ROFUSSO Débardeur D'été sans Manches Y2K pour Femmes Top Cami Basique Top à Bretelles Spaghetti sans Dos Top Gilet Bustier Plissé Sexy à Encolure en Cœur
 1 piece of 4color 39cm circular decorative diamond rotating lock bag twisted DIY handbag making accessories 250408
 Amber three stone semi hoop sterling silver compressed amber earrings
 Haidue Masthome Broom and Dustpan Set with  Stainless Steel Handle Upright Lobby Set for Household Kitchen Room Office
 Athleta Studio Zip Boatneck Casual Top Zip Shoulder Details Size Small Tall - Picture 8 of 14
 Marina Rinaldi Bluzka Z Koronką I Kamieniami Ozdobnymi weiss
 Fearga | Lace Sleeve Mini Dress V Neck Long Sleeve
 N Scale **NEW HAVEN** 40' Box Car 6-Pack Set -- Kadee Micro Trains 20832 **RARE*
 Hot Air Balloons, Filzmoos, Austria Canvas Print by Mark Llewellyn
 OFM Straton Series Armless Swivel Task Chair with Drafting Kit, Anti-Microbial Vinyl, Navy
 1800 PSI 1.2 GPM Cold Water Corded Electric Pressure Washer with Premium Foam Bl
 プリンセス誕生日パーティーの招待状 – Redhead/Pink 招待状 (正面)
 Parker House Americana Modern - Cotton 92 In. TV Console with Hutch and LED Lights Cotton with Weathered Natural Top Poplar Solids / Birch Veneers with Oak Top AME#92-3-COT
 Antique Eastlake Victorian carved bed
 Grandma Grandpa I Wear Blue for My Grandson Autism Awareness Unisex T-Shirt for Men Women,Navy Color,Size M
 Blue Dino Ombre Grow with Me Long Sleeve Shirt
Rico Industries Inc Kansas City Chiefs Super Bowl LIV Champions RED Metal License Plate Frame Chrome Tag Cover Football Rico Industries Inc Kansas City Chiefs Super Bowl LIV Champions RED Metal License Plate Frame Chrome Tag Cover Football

* [PROBLEM STATEMENT] Which of the lines above carry the string "Shirt"? Copy every one.

* [TASK ANSWER]
 Grandma Grandpa I Wear Blue for My Grandson Autism Awareness Unisex T-Shirt for Men Women,Navy Color,Size M
 Blue Dino Ombre Grow with Me Long Sleeve Shirt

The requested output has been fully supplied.